╭──

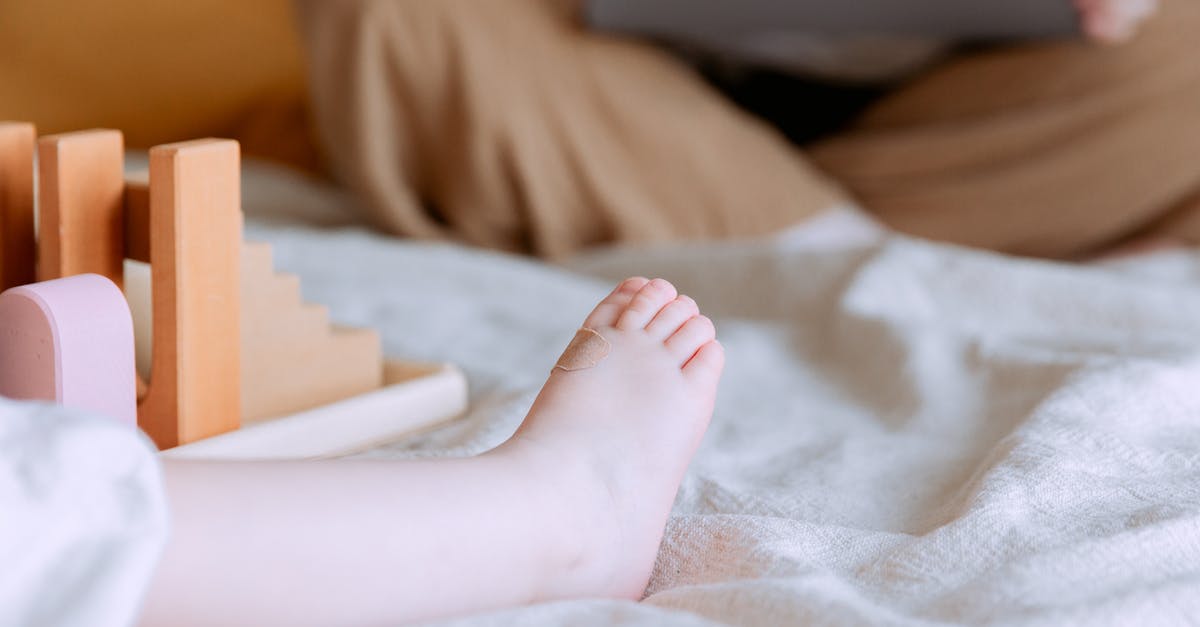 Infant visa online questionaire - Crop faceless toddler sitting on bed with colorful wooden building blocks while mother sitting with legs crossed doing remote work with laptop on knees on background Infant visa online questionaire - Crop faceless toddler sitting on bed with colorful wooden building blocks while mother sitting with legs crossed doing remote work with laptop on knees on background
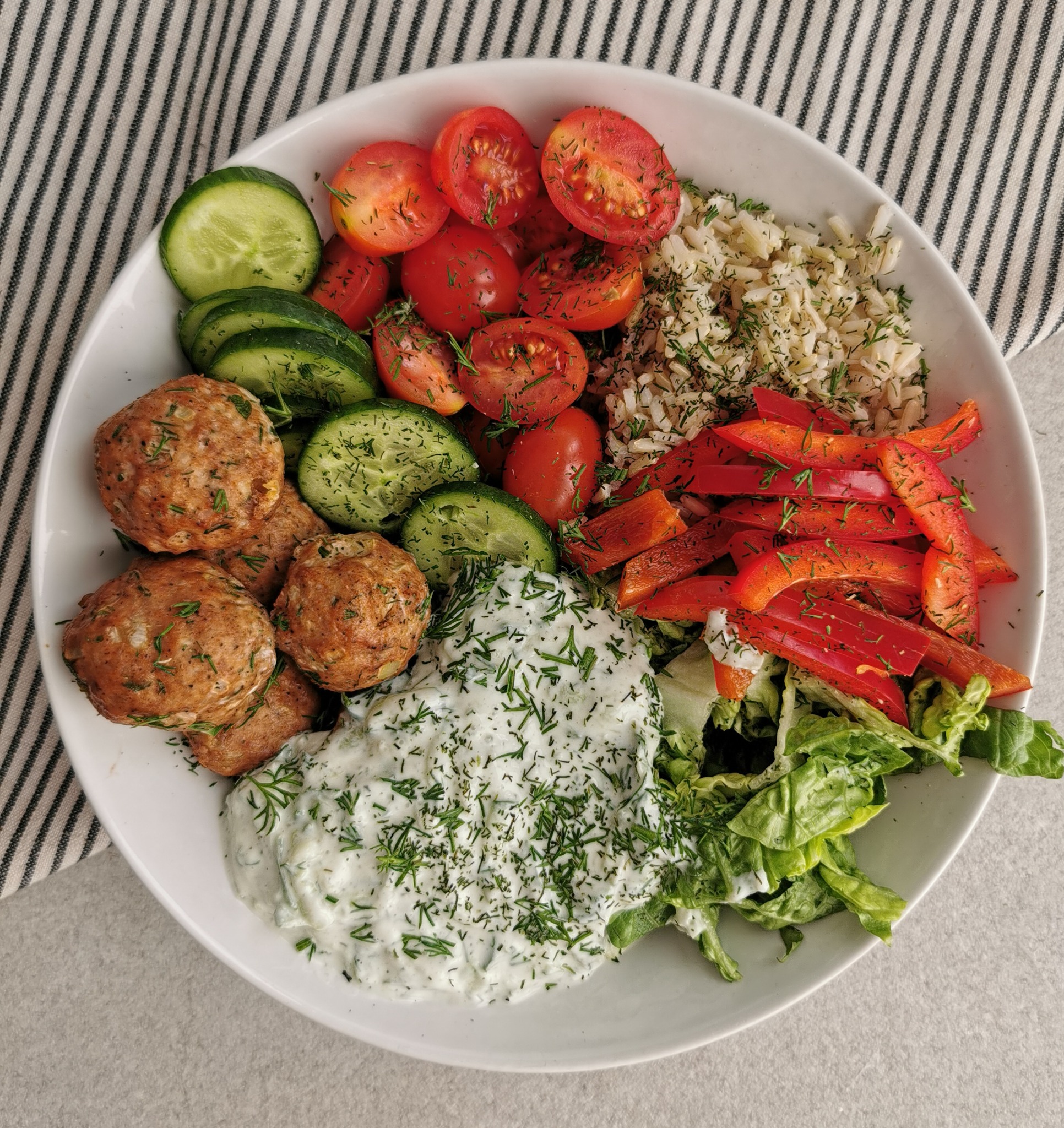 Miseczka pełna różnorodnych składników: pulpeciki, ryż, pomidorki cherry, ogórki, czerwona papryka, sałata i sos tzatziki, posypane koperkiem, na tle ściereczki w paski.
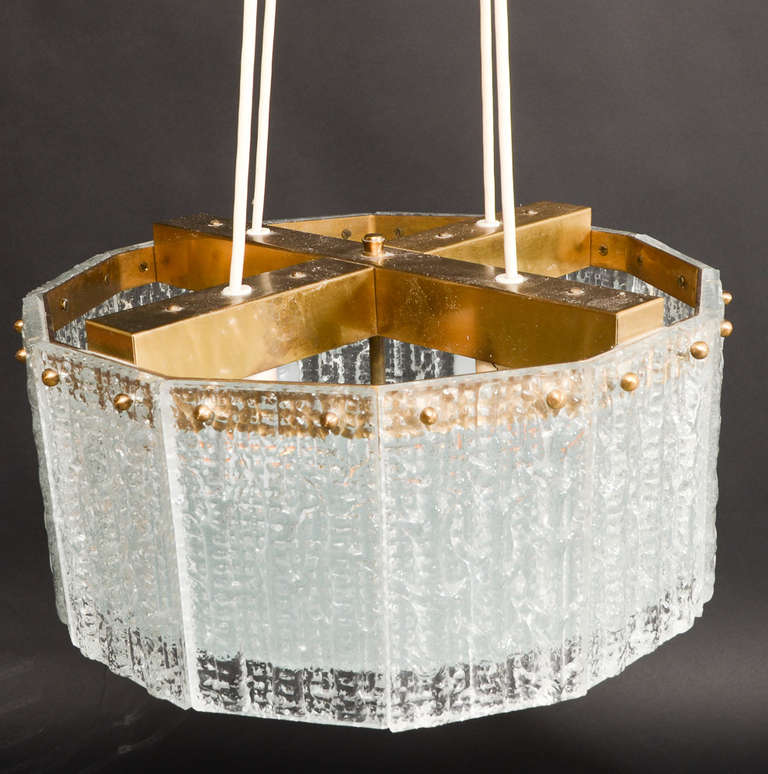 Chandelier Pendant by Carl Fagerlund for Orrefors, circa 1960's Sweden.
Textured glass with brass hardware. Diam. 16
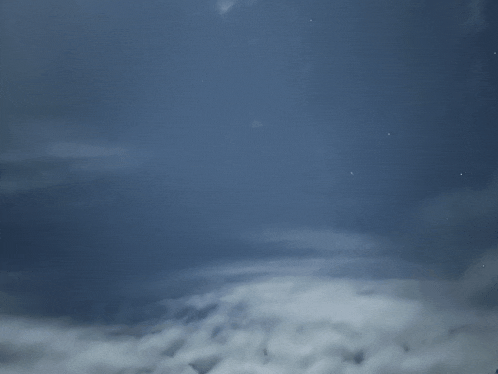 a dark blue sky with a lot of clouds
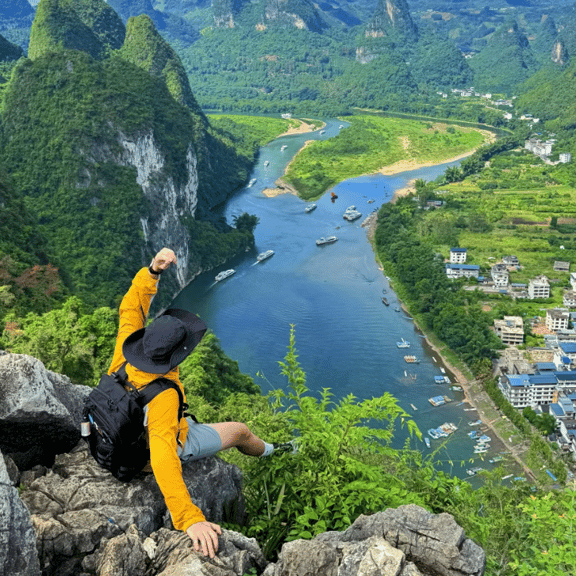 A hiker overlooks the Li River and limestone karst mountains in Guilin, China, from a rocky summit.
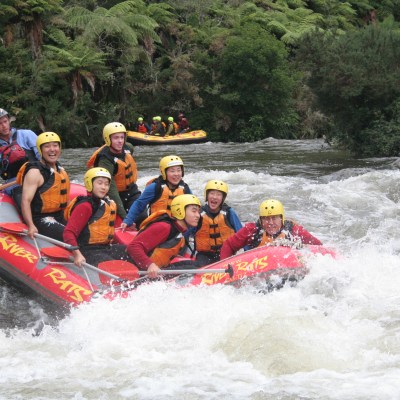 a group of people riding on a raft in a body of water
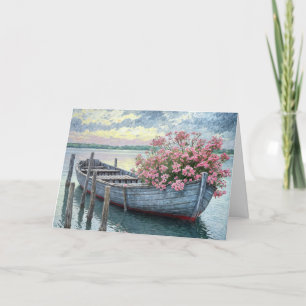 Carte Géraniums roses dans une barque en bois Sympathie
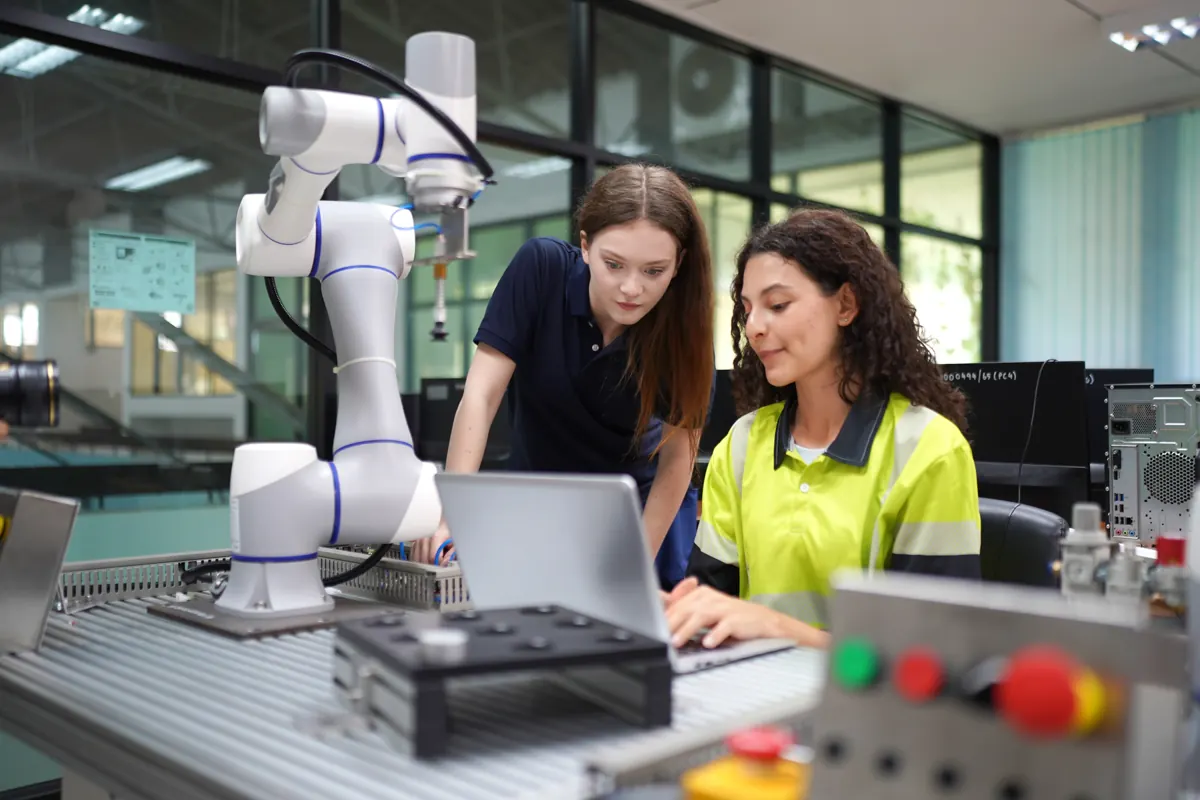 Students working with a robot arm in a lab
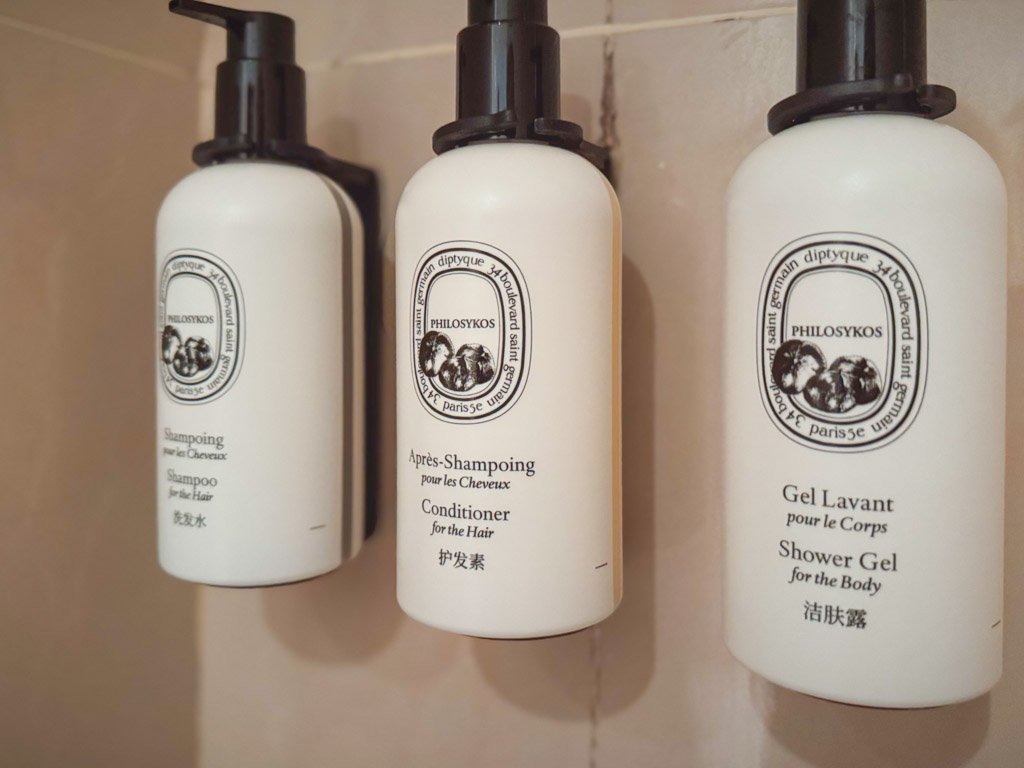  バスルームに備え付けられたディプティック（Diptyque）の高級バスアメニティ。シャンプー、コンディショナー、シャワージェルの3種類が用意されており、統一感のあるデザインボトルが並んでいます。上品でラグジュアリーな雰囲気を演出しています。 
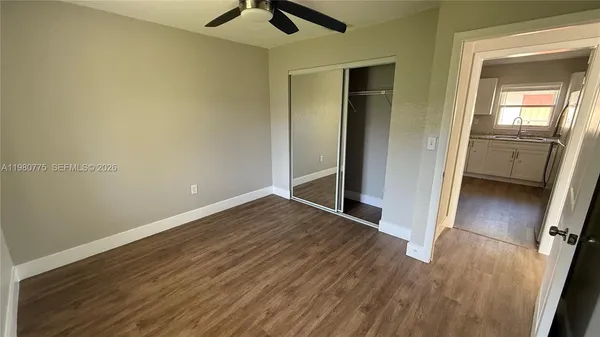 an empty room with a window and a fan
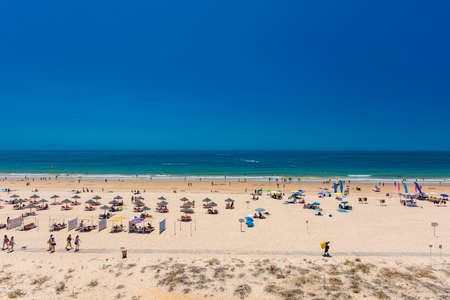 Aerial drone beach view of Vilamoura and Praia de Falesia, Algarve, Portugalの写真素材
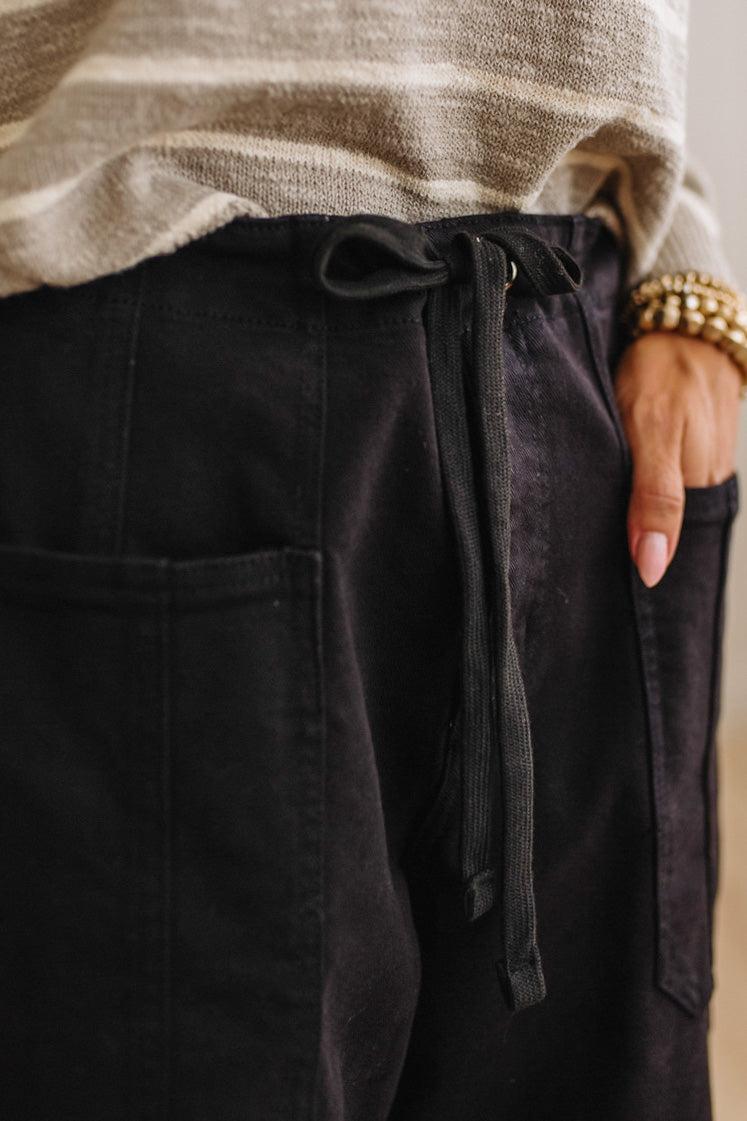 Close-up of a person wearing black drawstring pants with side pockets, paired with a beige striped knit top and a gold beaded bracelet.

╰──

*WORK TO BE COMPLETED:* Once the line containing "an empty room with a window and a fan" is located, write out exactly that line and each one after it to the end of the records above, excluding pictures and nothing else.

*EXERCISE SOLUTION:*
 an empty room with a window and a fan
 Aerial drone beach view of Vilamoura and Praia de Falesia, Algarve, Portugalの写真素材
 Close-up of a person wearing black drawstring pants with side pockets, paired with a beige striped knit top and a gold beaded bracelet.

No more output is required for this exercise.